--- Exercise materials Enclosed Below ---

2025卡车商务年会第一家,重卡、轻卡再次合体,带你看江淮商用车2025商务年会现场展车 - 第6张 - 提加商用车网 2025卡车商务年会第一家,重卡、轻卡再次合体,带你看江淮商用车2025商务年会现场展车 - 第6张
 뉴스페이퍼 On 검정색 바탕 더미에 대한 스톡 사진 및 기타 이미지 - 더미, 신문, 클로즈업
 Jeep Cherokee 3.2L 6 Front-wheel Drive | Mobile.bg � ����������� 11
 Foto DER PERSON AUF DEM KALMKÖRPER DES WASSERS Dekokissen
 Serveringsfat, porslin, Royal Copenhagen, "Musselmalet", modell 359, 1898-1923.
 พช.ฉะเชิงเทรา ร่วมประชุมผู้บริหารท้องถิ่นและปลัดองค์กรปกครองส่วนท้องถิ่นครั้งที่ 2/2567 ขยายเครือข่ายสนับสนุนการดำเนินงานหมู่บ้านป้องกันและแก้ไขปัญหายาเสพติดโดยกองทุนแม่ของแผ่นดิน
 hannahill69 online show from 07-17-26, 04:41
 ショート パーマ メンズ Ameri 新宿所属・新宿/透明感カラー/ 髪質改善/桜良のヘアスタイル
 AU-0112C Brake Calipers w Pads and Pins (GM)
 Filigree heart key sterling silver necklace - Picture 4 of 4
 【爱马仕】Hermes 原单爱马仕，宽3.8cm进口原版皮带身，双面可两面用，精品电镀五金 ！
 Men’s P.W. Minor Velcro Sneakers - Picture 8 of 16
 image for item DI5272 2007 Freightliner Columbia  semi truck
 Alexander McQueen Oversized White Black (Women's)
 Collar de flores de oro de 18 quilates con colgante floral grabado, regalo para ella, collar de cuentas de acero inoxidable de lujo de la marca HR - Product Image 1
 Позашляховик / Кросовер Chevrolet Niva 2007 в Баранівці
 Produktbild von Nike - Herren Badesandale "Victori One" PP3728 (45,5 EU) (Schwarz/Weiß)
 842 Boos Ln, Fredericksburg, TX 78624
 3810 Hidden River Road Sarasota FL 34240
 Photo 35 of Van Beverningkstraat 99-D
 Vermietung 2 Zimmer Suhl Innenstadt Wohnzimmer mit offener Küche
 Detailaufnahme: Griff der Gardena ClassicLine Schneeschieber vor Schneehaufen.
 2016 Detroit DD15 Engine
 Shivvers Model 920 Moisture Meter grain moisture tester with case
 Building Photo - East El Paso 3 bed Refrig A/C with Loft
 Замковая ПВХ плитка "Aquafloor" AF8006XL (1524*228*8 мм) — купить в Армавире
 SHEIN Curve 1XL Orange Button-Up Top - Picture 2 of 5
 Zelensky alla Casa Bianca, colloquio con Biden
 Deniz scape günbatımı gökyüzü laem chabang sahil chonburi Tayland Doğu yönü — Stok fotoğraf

--- End of Enclosed Exercise materials ---

Retype, exactly as shown, the lines from the one with "SHEIN Curve 1XL" through the end of the records.

 SHEIN Curve 1XL Orange Button-Up Top - Picture 2 of 5
 Zelensky alla Casa Bianca, colloquio con Biden
 Deniz scape günbatımı gökyüzü laem chabang sahil chonburi Tayland Doğu yönü — Stok fotoğraf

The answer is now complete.